We see the scores are similar to those on the training set, giving us confidence that the estimated rewards are a fair reflection of reality, and will serve as a good basis for evaluation. The AUC for the propensity model is again on the low side, but should be compensated for by means of the doubly-robust estimator.

We can now evaluate the quality using these new estimated rewards. First, we will calculate the average predicted credict approval probability under the treatments prescribed by the tree for the test set.
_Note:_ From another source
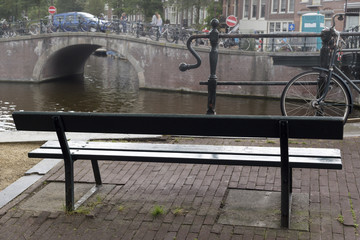 Bench on the edge of canal in Amsterdam, Netherlands. Bench, bicycle at railings, Amsterdam's canal and bridge on background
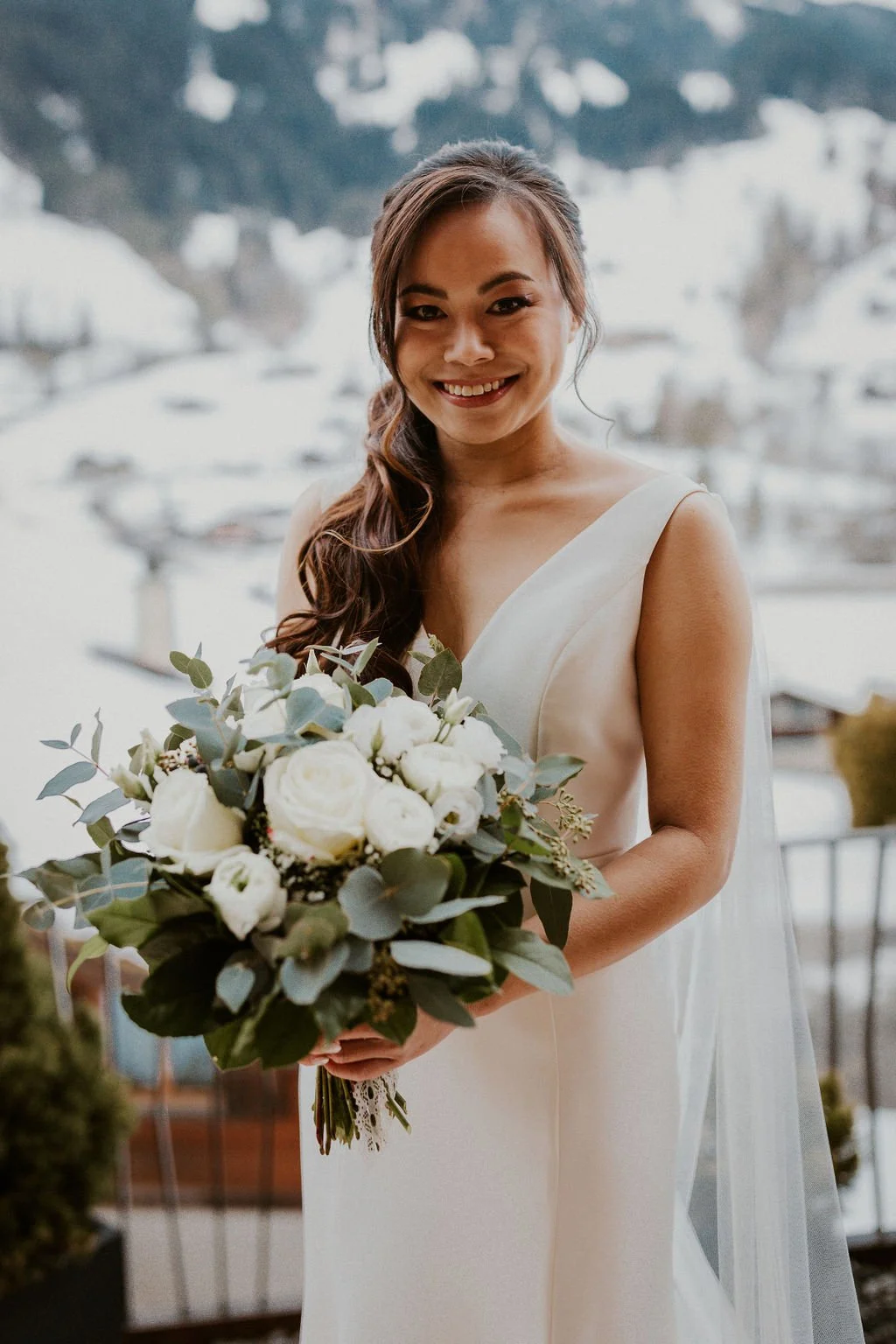 A smiling bride with long, wavy brown hair holding a bouquet of white roses and greenery, standing outdoors with a snowy hillside and lake in the background.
To do this, we use `predict_outcomes`

which uses the model to make prescriptions and looks up the predicted outcomes under these prescriptions:

```
policy_outcomes <- iai::predict_outcomes(grid, test_X, test_rewards$rewards)
```

```
[1] 1.05874091 1.04042909 1.47179994 1.29655277 0.58863636 1.27902272
[7] 0.32408541 1.50441067 1.08252732 1.10613036 0.79583333 1.05672279
[13] 0.93245098 0.83729187 1.05977627 1.03366810 0.79666667 0.79199415
[19] 0.91333333 0.90827273 0.79388889 1.25456124 0.61824830 1.37206239
[25] 1.19853414 1.14432734 0.79699415 0.87276535 1.62058188 1.07412913
[31] -0.24684800 -0.10636450 -1.94628834 -0.09251022 0.36883333 -0.05582385
[37] -0.10618322 -0.07382335 -0.10850852 -0.03776958 0.71911187 -0.03429615
[43] 0.80150267 -0.24473192 1.01788302 0.48500000 1.04214179 0.97876374
[49] 0.44064394 0.75052264 0.89193381 1.02229824 0.87697368 1.15891552
[55] 1.11517368 0.87832945 1.90936380 0.62908541 0.54750000 1.84163959
[ reached getOption("max.print") -- omitted 201 entries ]
```

We can then get the average estimated approval probability under our treatments:

```
mean(policy_outcomes)
```

`[1] 0.444351`

We can compare this number to the average approval probability under the treatment assignments that were actually observed:

```
evaluate_reward_mean <- function(treatments, rewards) {
total <- 0.0
for (i in seq(treatments)) {
total <- total + rewards[i, treatments[i]]
}
total / length(treatments)
}
evaluate_reward_mean(test_treatments, test_rewards$rewards)
```

`[1] 0.4234183`

We see a small improvement over the real treatments.